その後、ランダムに質問や感想をもらいました。裁判で住民側は何を求めているか、何を持って目的が達成された(=勝利)と思うか。URが宣伝している多摩平の団地再生の事例を聞いていたので、この映画で取り上げられていることは、URの表向きの姿とはだいぶ違うと思った。自治会はどうなのか。あっせんの具体的な内容は。高幡台団地の規模は。他団地の事例は参考にしたのか等々。(参考にした他団地の名前を当日ど忘れしてしまいましたが、73号棟の建物とよく似た構造の、横浜にある「UR奈良北団地」の耐震改修でした)

質問を聞きながら、映画で伝えたいメッセージが理解された上で質問をしているということが伝わってきました。また、質問は建物に関することが中心になるかなと思っていましたが、実際は映画作りに関わるような質問も沢山頂いて、文系と理系が普通に入り混じっているような感じでした! これは珍しいことではないでしょうか? 

例えば、エンディングのクレジットで、ドキュメンタリー映画なのに「登場人物」と書いてあるのはなぜか、欲しい映像を撮るための”演出”はどこまで許されると思うか・・・なんていう質問まで出たのです。

一通りの質問の後で、今度は一人ずつ自己紹介と映画の感想をもらいました。名前と、所属と、そして出身地・・・。出身地は別に言わなくても?と思いましたが、実際聞いて見ると、確かに出身地の環境も考え方に影響を及ぼすので、なるほどと思いました。

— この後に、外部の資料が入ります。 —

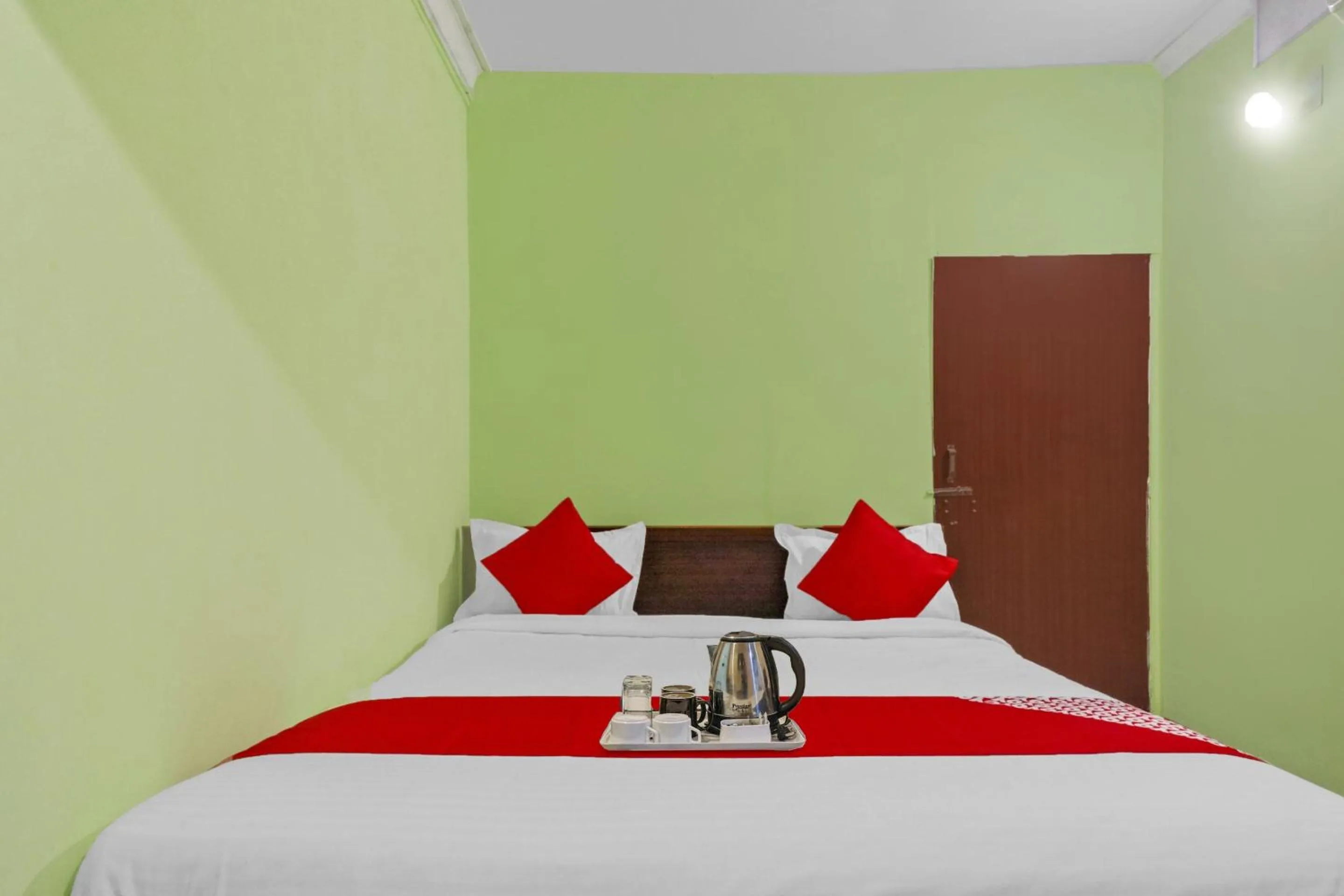 Bedroom, Bed in Super Hotel O Sai Heritage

大学院レベルで建築を学ぶというと、もちろん大学では建築を専攻した人たちだと思っていたのですが、実はかなり多様なバックグラウンドを持った人たちが学んでいるのでした。幼少期を海外で過ごし、今は建築を学んでいるけれど、将来は演劇の道に進みたいという人。美大を卒業後に大学院で建築を学ぶ人。育った場所には団地のような集合住宅はあまりなかったという人。中国からの留学生。大学では民俗学(多分?うろ覚えsweat01)を学んでいたという人等々。

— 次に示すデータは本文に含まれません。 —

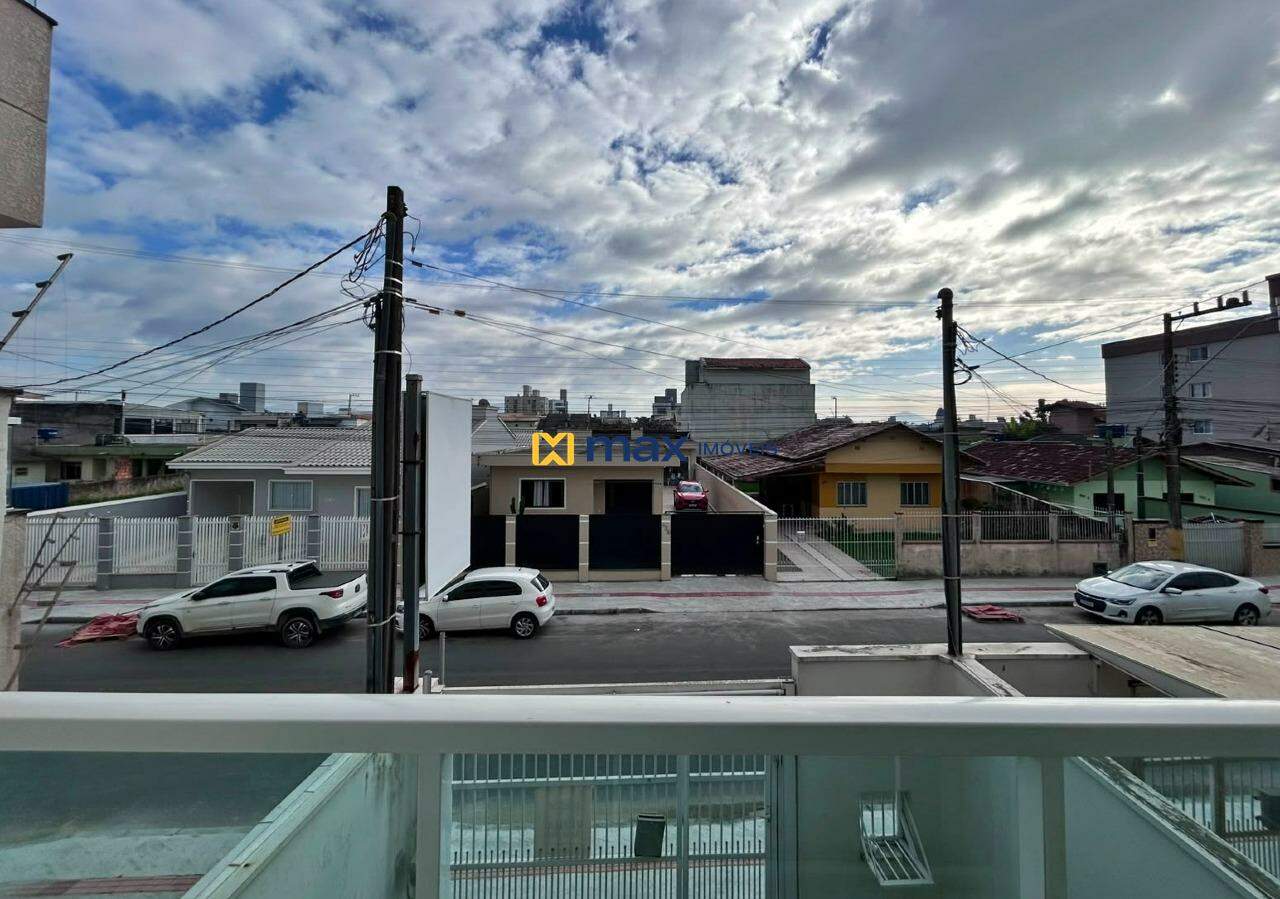 Casa à venda no Centro: Vista Sacada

それぞれの人の感想は、それぞれのバックグラウンドから来る質問が多くて、それも興味深かったです。例えば、美大で学んだ人は、私の映画を見て、住民の人たちの部屋の様子にとても興味を持ったようでした。各住民の部屋はそれぞれ全く同じ間取りのはずなのに、40年も暮らすと、まるで別の住まいのように見えます。それを私は「40年かけて作る小宇宙」と勝手に命名しているのですがhappy01、グラフィックデザインなどに興味のある人には、彼らの部屋が醸し出す圧倒的な生活感は、面白いのでしょうね。

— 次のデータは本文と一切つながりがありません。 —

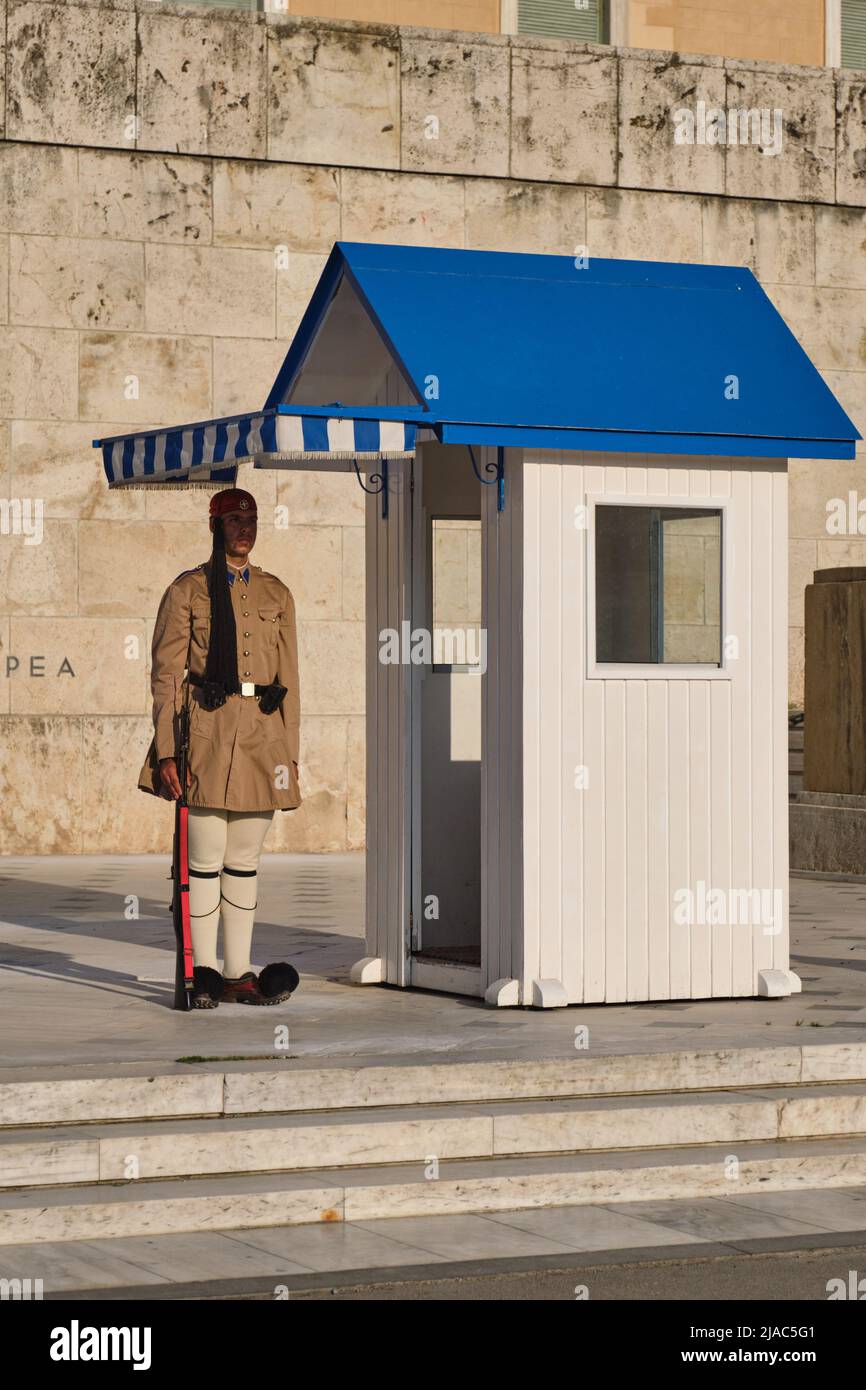 Guardia cerimoniale presidenziale Evzones, piazza Syntagma, Atene Foto Stock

また、中国からの留学生からは「中国では公共事業が優先される。国が道路を作りたいといったら、立ち退かせられる。その代わりに別の土地や家をもらって、それで生活していける」と話していました。(ちなみに、彼の研究テーマは人間の行動心理などだそうで、例えば「休憩室を作っても、あまり使われないのはなぜか?」、「斜めの床で生活するとどうなるのか?」などを研究しているそうです。つくづく、”建築”とひとくくりにはできないほど、建築の分野は多様なのだ、と実感)。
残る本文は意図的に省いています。